Cambodian Travel - Travel and backpacking in Cambodia - Southeast Asia

A visa run to Laos was all it was meant to be. I dipped my toes in Vientiane
for a couple of days, scooting around the French city with a
mademoiselle named Katy I met on the border. Her uncle was living in Laos ,
so knew where to take me. A Lunch of pasta with real cheese was enough to
put a look of sleepy satisfaction on my face. It is all about the food) Katy decided to stay put. Although Vientiane is the calmest capital city I
have been to, I had to flee to the countryside. The rain and a rather
annoying Israeli dude named Rammmroot (something along those lines) decided
to join me. Fabulous.
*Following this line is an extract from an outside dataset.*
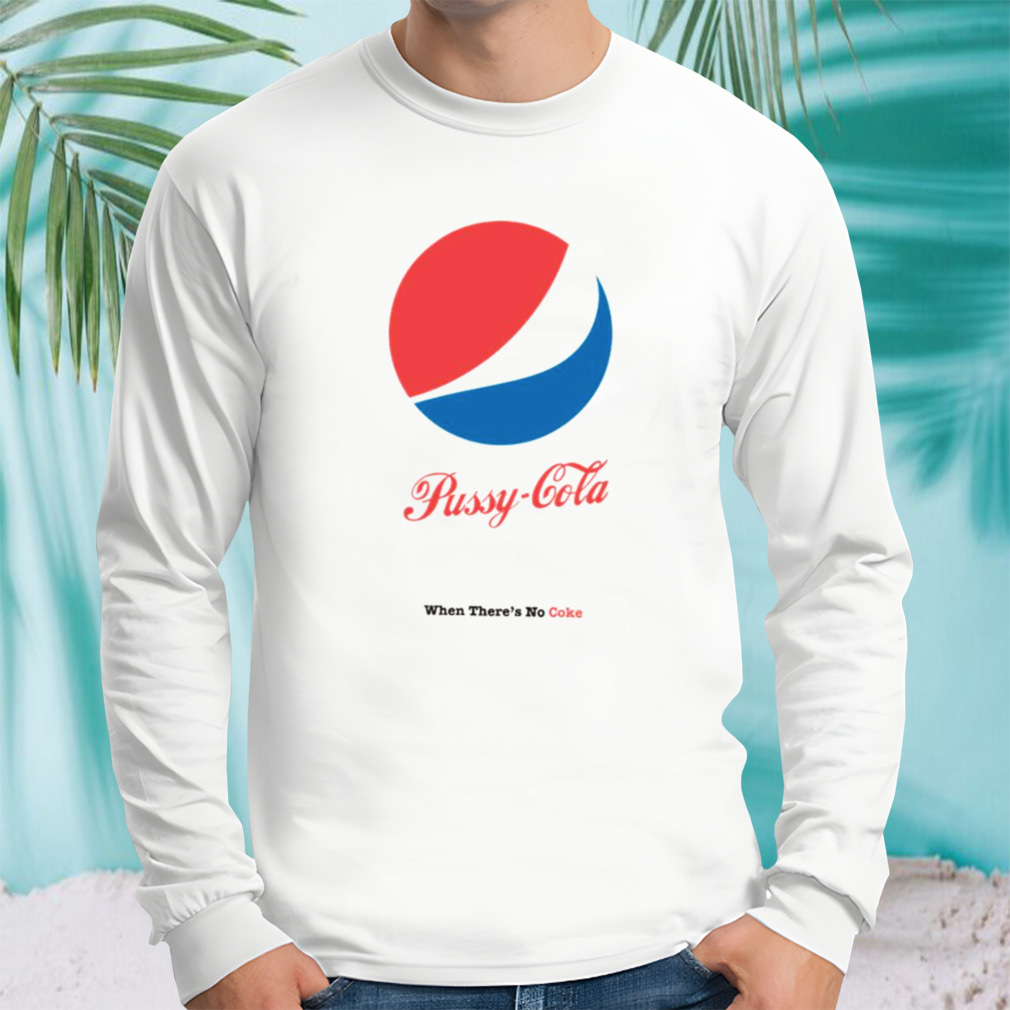 Longsleeve shirt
I arrived in Pakse and jumped on a bus to the
surrounding waterfalls. The sky cleared and delightful Laos unfolded before
me. There is a place called Tad Loh which we must go to one day, a few
bungalows lining acres of glittering ra info rest and only the sound of the
soothing waterfall. We ate lunch at a local coffee plantation where (of
course) Fee decides to befriend a litter of stray puppies and a bunch of
curious kids.

The following morning I stealthily slipped out of Pakse, fleeing from the
freaky Rammmroot to the Cambodian border. Two gorgeous women from Holland
let me join them. They had been travelling the world together, tackling the
great lands of Oz together.
Little did I know it would be one long expensive rollercoaster ride to Phnom
Penh that day from Pakse. I was glad to have had the girls with me. A four
hour tuk tuk ride with the friendly locals (where I tasted fried
grasshopper on a stick, not bad at all: ). I nearly punched the driver in
the face when he decided to drop us in the middle of nowhere with an
intimidating policeman and his semi automatic. No thanks.
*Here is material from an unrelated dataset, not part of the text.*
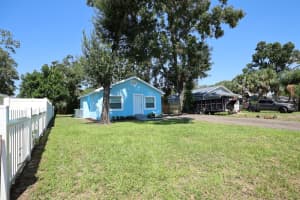 1513 MOHAWK AVENUE, TAMPA, FL 33603 - MLS#MFRTB8424234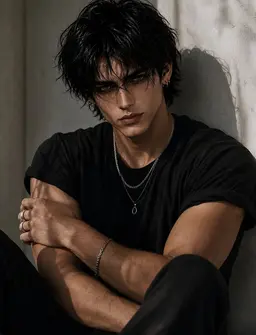 Profile image of Kaya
Ten dollars later (Sunday rates?!?!) we had the Cambodian stamp on our
passport. Another thirty five dollars later and we would reach the nearest
town on a speedboat. We boarded a canoe, a little like the one in the
Amazon (a hollow log), but with a massive engine. The driver puts on his motorbike helmet.
There are none for the passengers of course. Off we zip through the Mekong
at 300kms an hour. Flying past the tangled riverside, we barely touch the
glassy water. Welcome to Cambodia . Magnificent.
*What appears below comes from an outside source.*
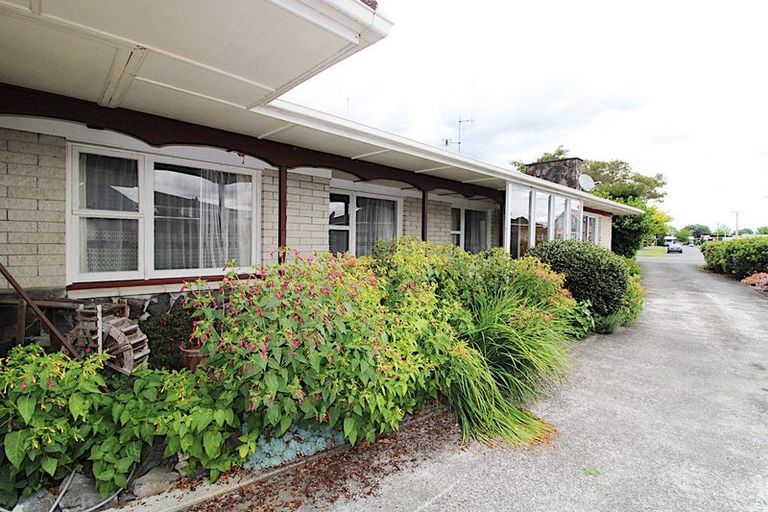 Photo of property in 46 Rawhiti Avenue, Matamata, 3400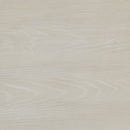 Avalanche 2PC Occasional Table Set in Antique White-Coffee Table & End Table - Michael's Discount Furniture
There was NO WAY the girls were staying in this tiny town. A taxi that
afternoon to Phnom Penh it was. We bought our tickets for another twenty
dollars and were shoved in the back of an old Commodore, the driver and two
locals crammed in the front assuring us it was a 7 hour journey. 12 hours,
a flat tire, pushing the car out of (one of the many) muddy potholes, trying
to sustain a conversation with the sleazy non-English speaking driver ( so
he doesn't crash), eating packets of chips for dinner…LATER, we arrive in
Phnom Penh .

A days rest in the busy capital. I headed north to visit The Sunrise Angkor
Orphanage in Siem Reap. It was great spending the afternoon playing soccer
with the kids. Two little boys performed a Khmer dance for me,
incredible dancers! I learnt that one of their sponsors is from a
fashion label in Australia that gives all profits back to the orphanage which I
would like to get involved with.

I woke the next day at four in the morning. I jumped on the back of a
motorbike and zoomed past the ancient moat of Siem Reap to the marvellous
Angkor Wat. Blinded by its beauty again. I weaved through secret alleyways
and found a perfect little nook to watch the sunrise. No photo or written
word can paint the magic of these buildings. I was lost in a forest of old
memories and my wild imagination.   The beach was calling me. I took a bus to the southern beaches of
Sihounoukvile. The rain washed me away to Thailand . Here I am. Koh Chang.